-- Opening Marker --

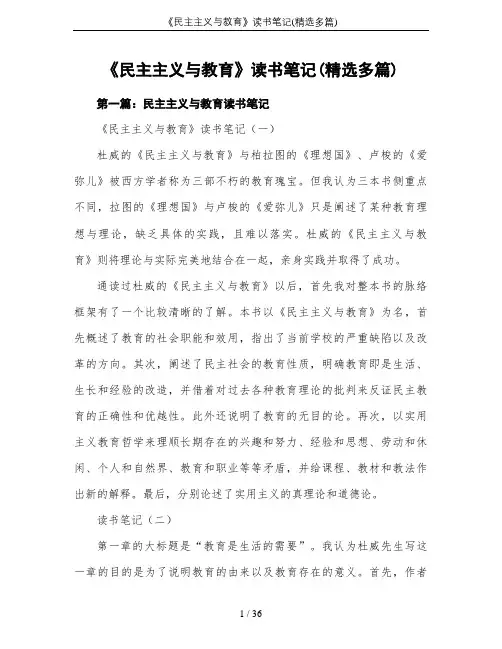 《民主主义与教育》读书笔记(精选多篇)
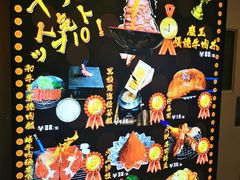 菜单-魔丼屋(日月光店)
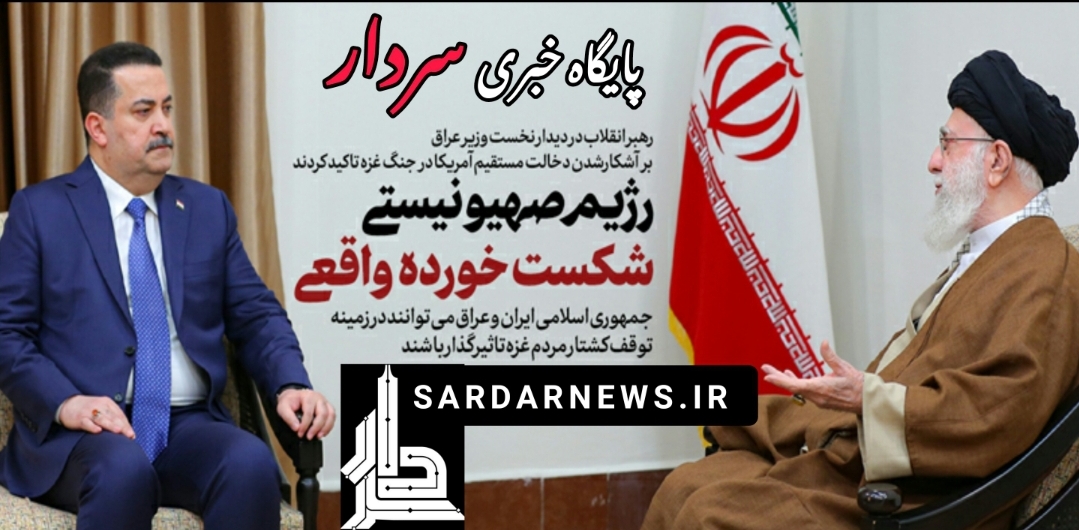 دیدار نخستوزیر عراق با رهبر انقلاب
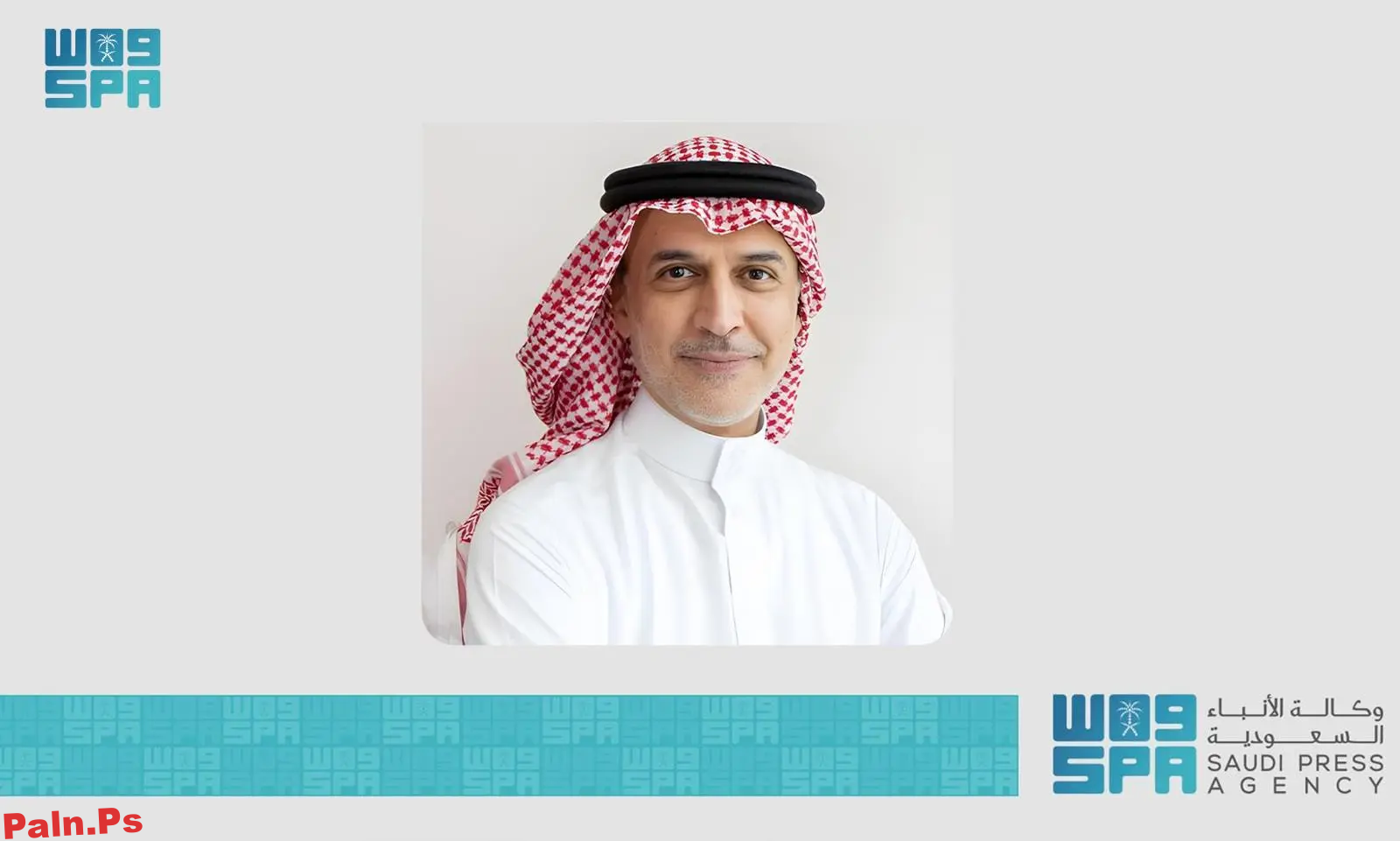 Photo of ابراهيم حمد الراشد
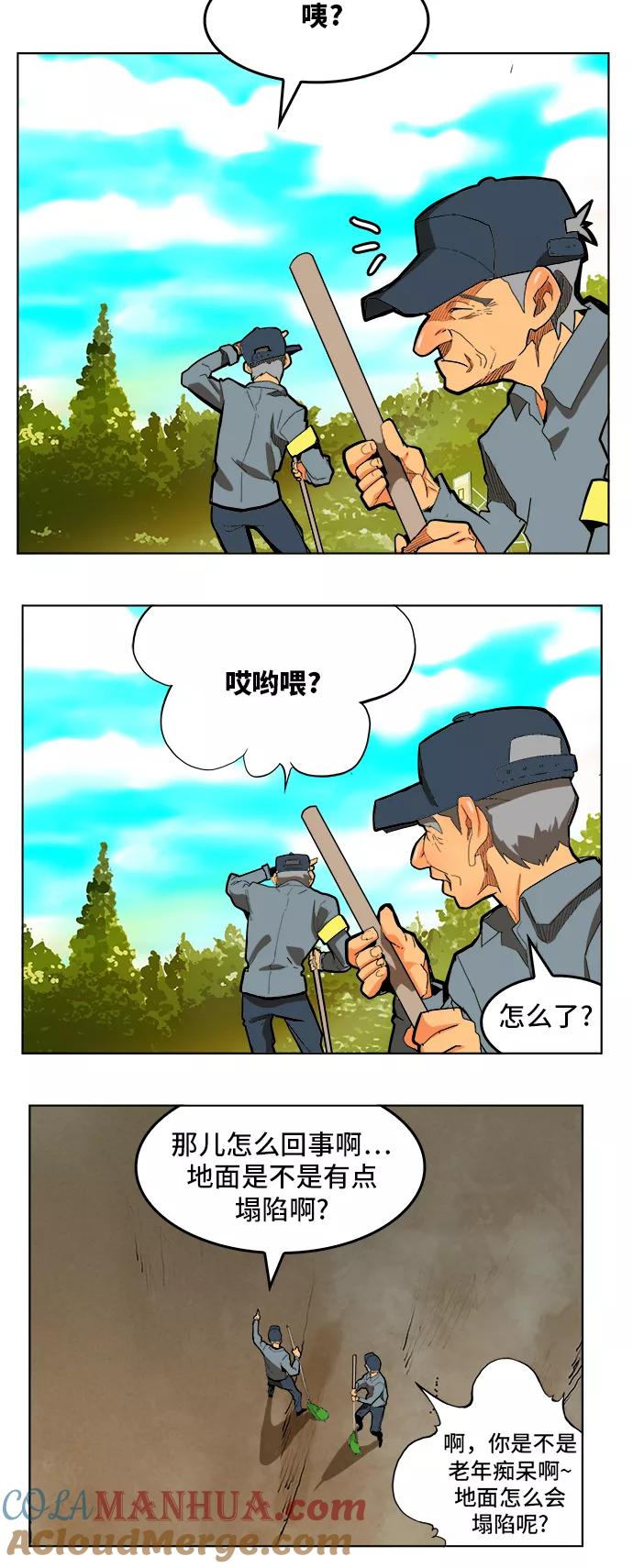 40.jpg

-- Closing Marker --

Your objective - Would you transcribe all of the entries above exactly, minus the images?

Exercise result -
 《民主主义与教育》读书笔记(精选多篇)
 菜单-魔丼屋(日月光店)
 دیدار نخستوزیر عراق با رهبر انقلاب
 Photo of ابراهيم حمد الراشد
 40.jpg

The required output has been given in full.